Educators are starting to acknowledge the data collected that shows encouraging positive behavior is better for school culture than punishing negative behavior. Rome City Schools has completely bought in and parents have likely seen some of the changes in conversations with students on the ride home or around the dinner table.
Dr. Robbie Vincent, District Coordinator for PBIS (Positive Behavioral Interventions and Supports) and Student Support, has worked with each school to implement PBIS. Now, every school in the Rome City system has completed the training, making them one of the few systems in Northwest Georgia to achieve the 100 percent-trained mark.
“PBIS was first introduced in Georgia around 2007 because the Department of Education started looking at the rates of discipline, especially among special education students. The DOE then formed a team who would address how to support schools with discipline,” Dr. Vincent explained. “In 2008, the state started to roll out the program and training school teams.”
She went on to detail how PBIS works by using a framework that is research based. Schools construct a program using this data, helping them to become more proactive when dealing with behavior challenges.
“Right now, the DOE reports that there are 1000 Georgia schools and 27,000 schools nationwide who have adopted PBIS practices. Our school system started in the 2015-16 school year with training. I am really happy with the results we have seen using PBIS in our schools, and I believe in the program because I am a positive person. My mother always said that you have two choices in life, to get better or to be bitter. She told me to always choose better, and PBIS falls right in line with the things she instilled in me,” Dr. Vincent said.
As an educator and administrator for 24 years in Rome City and Floyd County Schools, Dr. Vincent said that negative reinforcement never helps improve behavior. That’s why PBIS is centered on teaching the expected behavior rather than punishment.
“When we took a look at our students who were struggling academically, we can easily see that we need to teach them better study habits,” Dr. Vincent said, “so PBIS uses the same approach to teaching behavior. Each of our schools has developed their own themes after going through the training and we collect the information in a database called SWIS, or School Wide Information System.
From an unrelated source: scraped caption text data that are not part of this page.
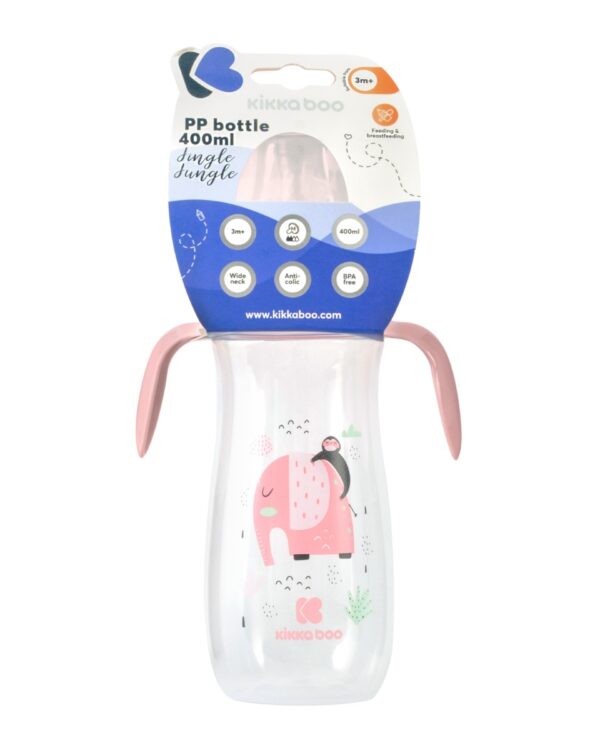 Шише PP 400мл Jingle Jungle Pink - Image 3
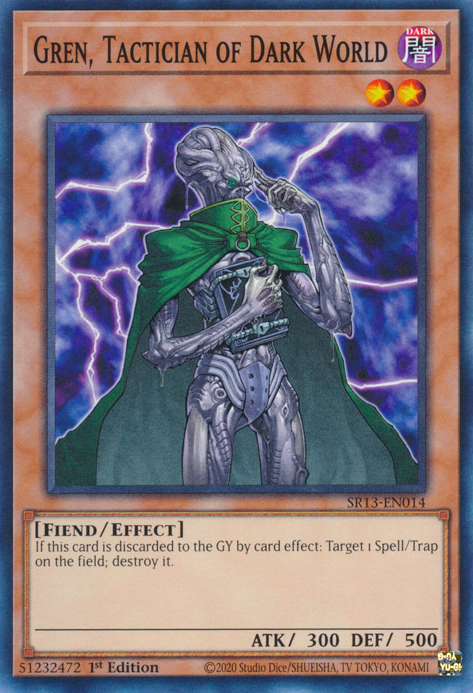 Gren, Tactician of Dark World [SR13-EN014] Common | Anubis Games and Hobby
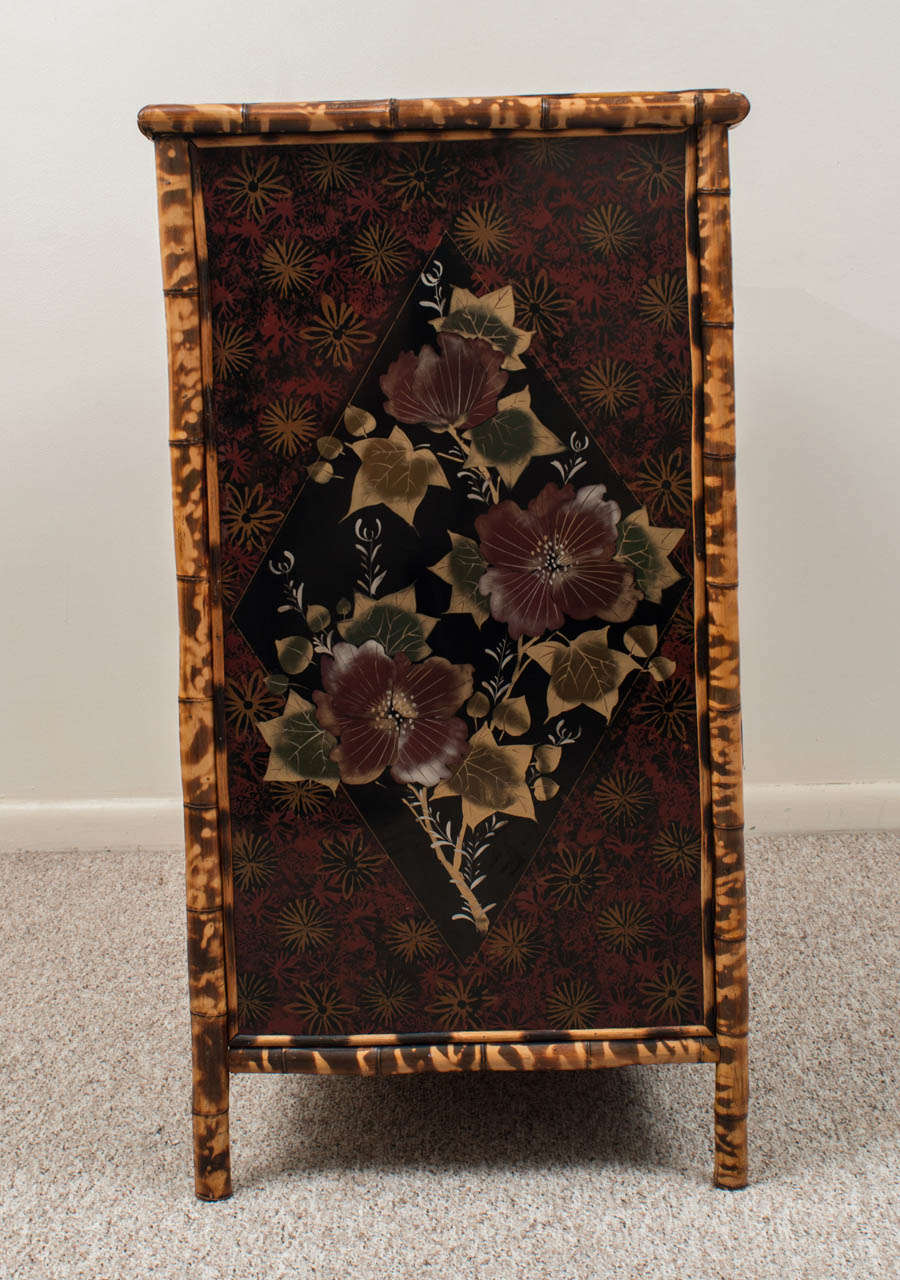 19th Century English Bamboo and Lacquer Chest of Drawers 2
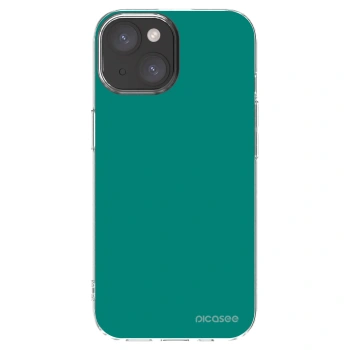Picasee silikonový průhledný obal pro Apple iPhone 15 - Emerald Mist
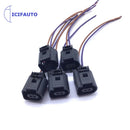 1J0973702 2pin Auto Electrical Plug Pigtail Connector Wire For Skoda Seat VW Audi A4 A6 A8 Q5 Q7 2004 2005 2006 2007 2008 2009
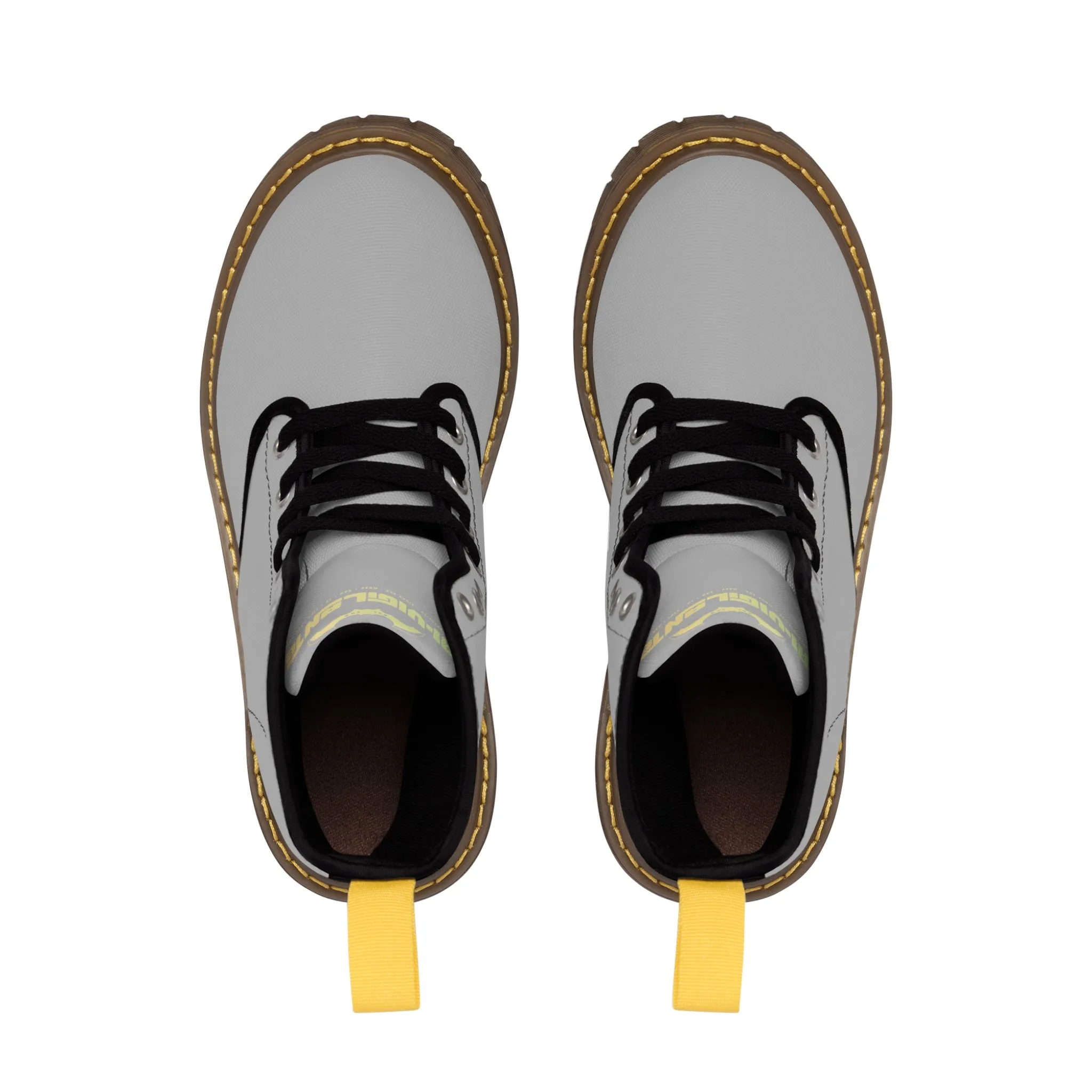 A1- Vigilante light Grey Canvas Boots
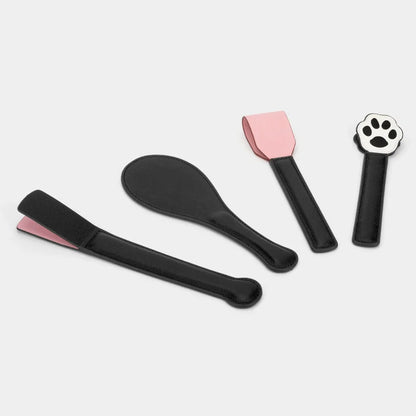 Cute Mini Paddle Set 4 Piece Spanking Paddles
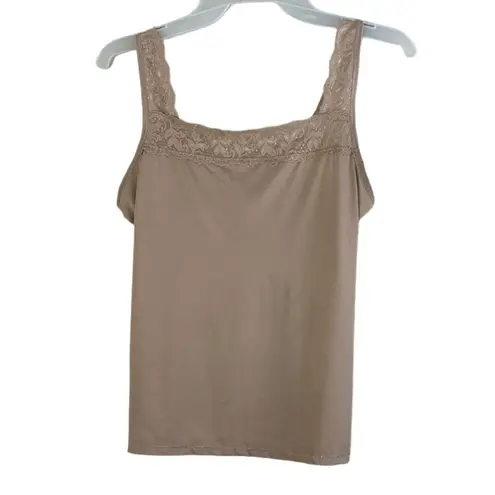 Vassarette  Beige Lace Camisole Size M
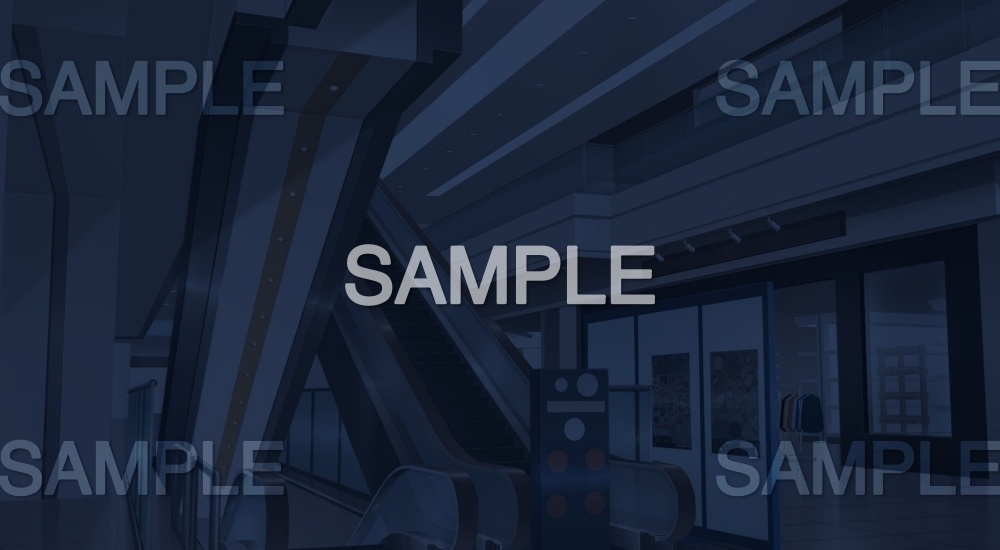 【背景素材】商業施設エスカレーター (街編part01-1710machi003)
Using this data, we are able to analyze behavior trends in our schools and we can tailor the program to meet each school’s specific need.”
Using Elm Street Elementary as an example, she says the PBIS team there has formed a motto: RCS the Elm Street Way. Rome Middle has adopted the mantra of, “Be RMS” or be Respectful, Motivated and Safe.
“The idea is for the entire campus to build the school’s behavioral expectations around the overall message developed by the PBIS team. This team also designs lesson plans and they create posters that are all around the school. Teachers can then use the phrase they have for their school to correct unwanted behavior. For example, they can say, ‘Remember, Be RMS,’ instead of yelling at students who are exhibiting bad behavior. It is a more positive way to teach students good behavior and it is working for us.”
PBIS does not end with a slogan and messaging. Administrators, teachers and staff at each school have incentives they can reward students with who show the positive behavior expected. “All of our schools have a reward system, like Wolf Bucks or Hero Points, that student can use to purchase extra activities of treats from designated areas inside the school. We also want to reward our students for doing a good job,” said Dr. Vincent.
There are long term and short term incentives, like an end of the year party or lunch with a friend, which students can earn throughout the year adding a layer of patience, hard work and determination to the lessons of PBIS. Most RCS parents who have emptied a take-home folder, or listened to teenagers chat in the back seat know these incentives all too well. Whether it is a pocket full of Wolf Bucks or a much needed break at the end of the week, the students are following the lead of PBIS.
“One of the most impactful things to me is the feedback we get from our kids. In our PBIS newsletter, there was a little girl who explained what this entire process is about in a way that really hits home to me. She said, ‘PBIS is like a computer. If you type good things into it, good things come out.’ This really is what we hope to achieve as a system using PBIS. We have wonderful teachers who are really great with our students, and their hard work is paying off,” she said.
According to data collected by Rome City Schools, discipline referrals have been cut in half from before PBIS in 2015 until now.